First, the bill raises the amounts that individuals can contribute to candidates and PACs and the amounts that PACs can contribute to candidates from $4,000 to $5,000 per election. Importantly, this dollar amount will be indexed to increase in odd numbered years beginning in 2015 based on the consumer price index. The bill also changes the time periods for an “election cycle,” extending it through the end of the calendar year after an election. Therefore, contributors who have reached their maximum contribution limits cannot provide additional support for debt reduction immediately following the election. Additionally, the bill repeals the $1,000 limit for contributions to candidates for superior or district court judge positions and eliminates the public funding program for appellate court elections.

However, the General Assembly narrowed a few traditional loopholes. The bill limits family members who may give unlimited amounts to candidates. Previously, a candidate’s spouse, parents, brothers and sisters were exempt from the contribution limits. Now, only a candidate’s spouse may donate unlimited amounts to the candidate. HB 589 also attempts to prescribe the use of money given for a political party “building fund.” Donations to these funds were previously unlimited, which made them a long-standing avenue for soft money. HB 589 seeks to change that by limiting the expenditure of money given for a building fund to use for a principal headquarters building and prohibits the use of those funds for headquarters equipment, other than fixtures, personnel compensation, or travel/fundraising expense. It does allow funds to be used for up to three administrative personnel who meet certain requirements.

Several key changes to the rules governing mass communications were included. The bill repeals Articles 22G and 22H defining candidate-specific communications and requiring disclosure statements to be filed with the State Board of Elections for candidate-specific communications in broadcast, cable, satellite, mass mailings or telephone banks. The bill clarifies that electioneering communications will be defined as those communications aired or transmitted after September 7 for November general elections.
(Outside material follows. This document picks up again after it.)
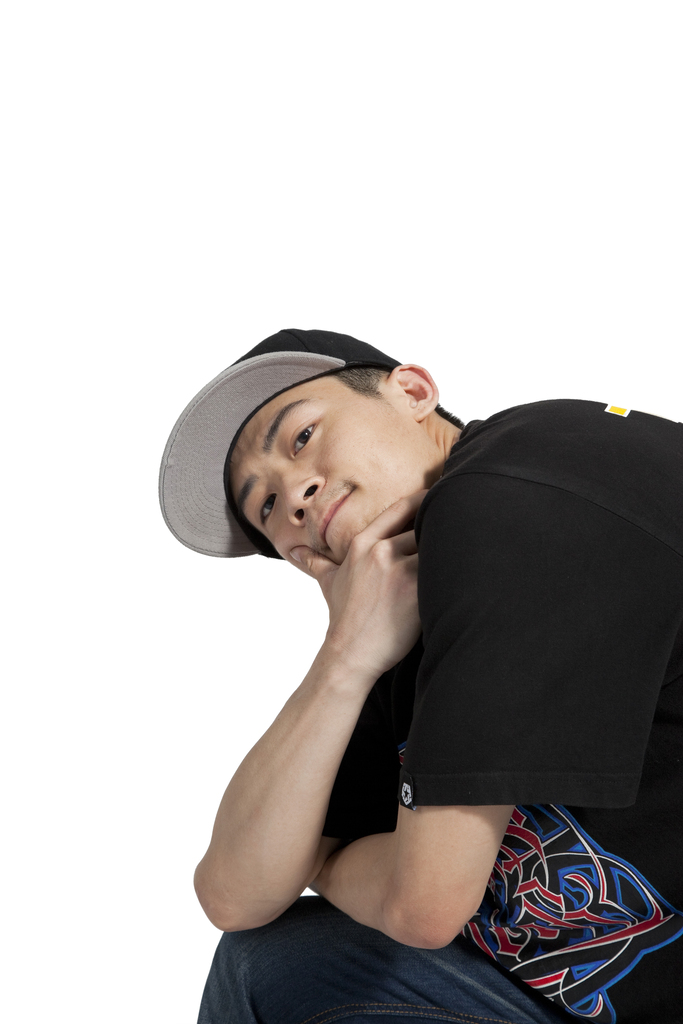 棚拍年轻男人跳街舞
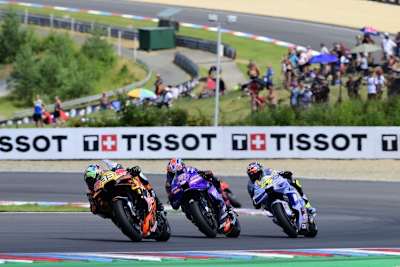 Brad Binder (8.) vor Jack Miller und Fermin Aldeguer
Most importantly, the bill strikes the previous requirement for sponsors of printed independent expenditure communications and electioneering communications to disclose the names of the five largest donors within the prior 6-month period, providing additional cover to those who donate to independent expenditures and electioneering communications.

The legislation clarifies that lobbyists can not collect from one or multiple contributors whereas the previous law strictly referred to bundling multiple contributors. This section also strengthens the term “recipient” to include both a candidate and candidate campaign committee. This particular portion of the bill becomes effective October 1, 2013.

Finally, the legislation clarifies that raffles may be administered by candidates and political committees. Receipts and expenditures from raffles will be reported on campaign finance reports, and ticket purchases will be considered contributions for reporting purposes.

Additional changes may be on the way in either a special session or the 2014 short session. During the interim, the legislation directs the Joint Legislative Election Oversight Committee to study a number of other changes, including the thresholds for the creation of political committees, standardizing the reporting schedules for political committees, electioneering communications, and independent expenditures, and eliminating the 48-hour campaign finance reporting obligations in periods leading up to the elections.

Unless otherwise noted, the above provisions of the bill become effective January 1, 2014, except for the voter identification requirement, which becomes effective on January 1, 2016. Governor McCrory has until August 26 to sign the bill, veto it, or allow it to become law without his signature.

DISCLAIMER: Because of the generality of this update, the information provided herein may not be applicable in all situations and should not be acted upon without specific legal advice based on particular situations.